10. Describe what is meant by "collateral." Why do lenders require collateral to make loans?

Ans: Collateral is an asset or property that a borrower offers to a lender as security for a loan. If the borrower fails to repay the loan, the lender has the right to seize the collateral to recover the outstanding amount. Collateral can include items like real estate, vehicles, savings accounts, or other valuable assets.


Reasons Why Lenders Ask for Collateral:

  1. Collateral reduces the lender's risk by providing a form of security.

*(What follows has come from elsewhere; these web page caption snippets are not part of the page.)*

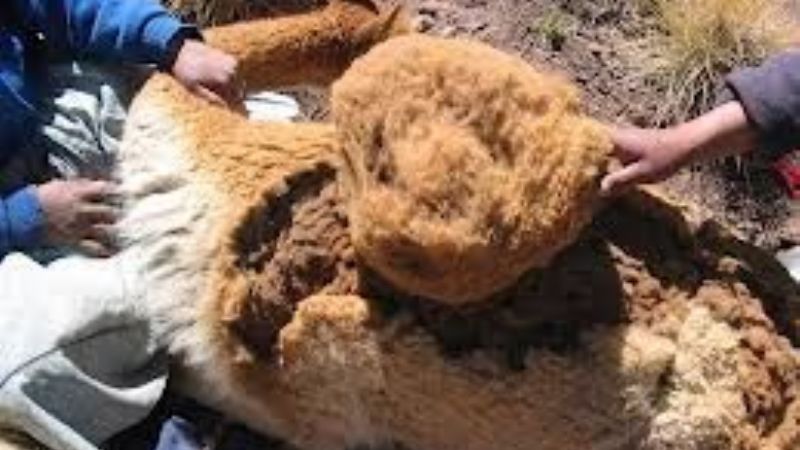 Venta de fibra de vicuña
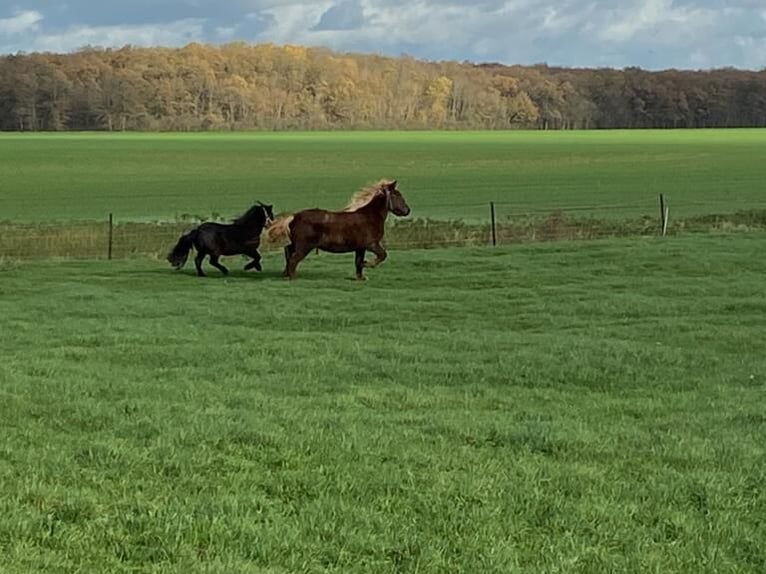 Icelandic Horse Mare 22 years 13,2 hh Chestnut in Dieppe-sous-Douaumont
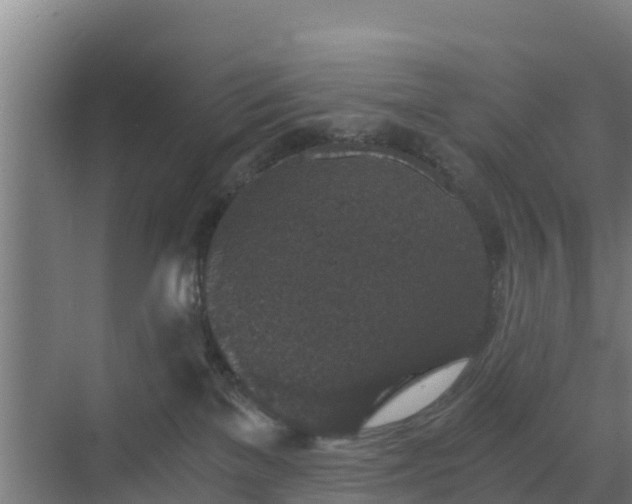 X0000069810137200605261758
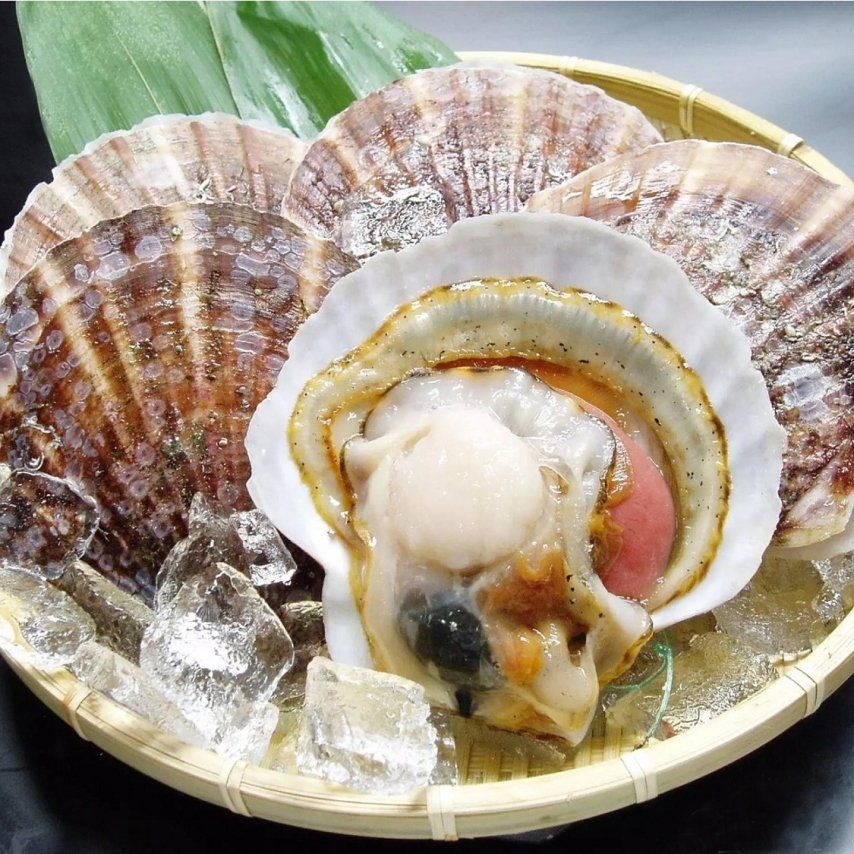  Sò Điệp Nữa Mảnh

If the borrower defaults, the lender can sell the collateral to recoup the loan amount.

  2. Offering collateral often indicates that the borrower is serious and financially responsible, improving their creditworthiness in the eyes of the lender.

  3. Loans backed by collateral generally come with lower interest rates because the lender's risk is reduced.

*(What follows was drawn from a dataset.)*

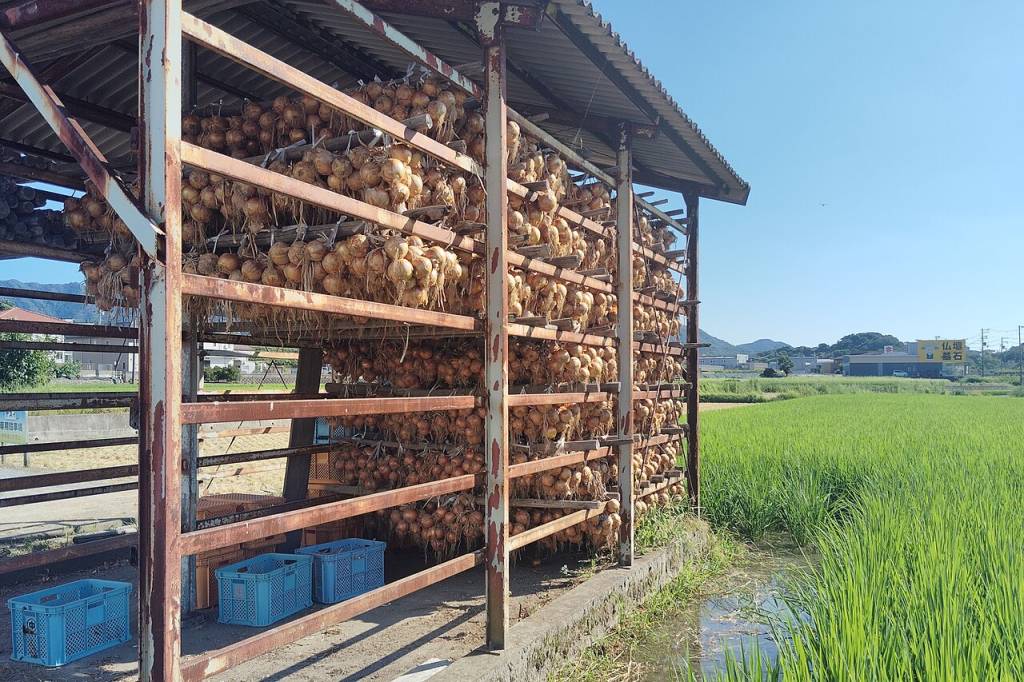 Ilha-Da-Cebola-Japao ilha-da-cebola-japao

  4. With collateral, borrowers can often secure larger loan amounts than they could with unsecured loans.


11. Discuss the reasons why low-income rural residents still typically obtain loans from unofficial lenders that have exorbitant interest rates.

Ans:

  • Many rural areas lack adequate banking infrastructure, making it difficult for people to access formal credit sources such as banks and cooperatives.

  • Informal lenders, such as moneylenders and friends, typically do not require collateral, making it easier for poor people who do not have valuable assets to secure a loan.

  • Obtaining a loan from informal sources is often quicker and involves less paperwork and fewer formalities compared to banks, which is important in emergencies.

  • Informal lenders may offer more flexible repayment terms, accommodating the borrower’s ability to pay, unlike the rigid schedules of formal institutions.

  • Borrowers may have established relationships with informal lenders, which can lead to a sense of trust and immediate assistance without bureaucratic hurdles.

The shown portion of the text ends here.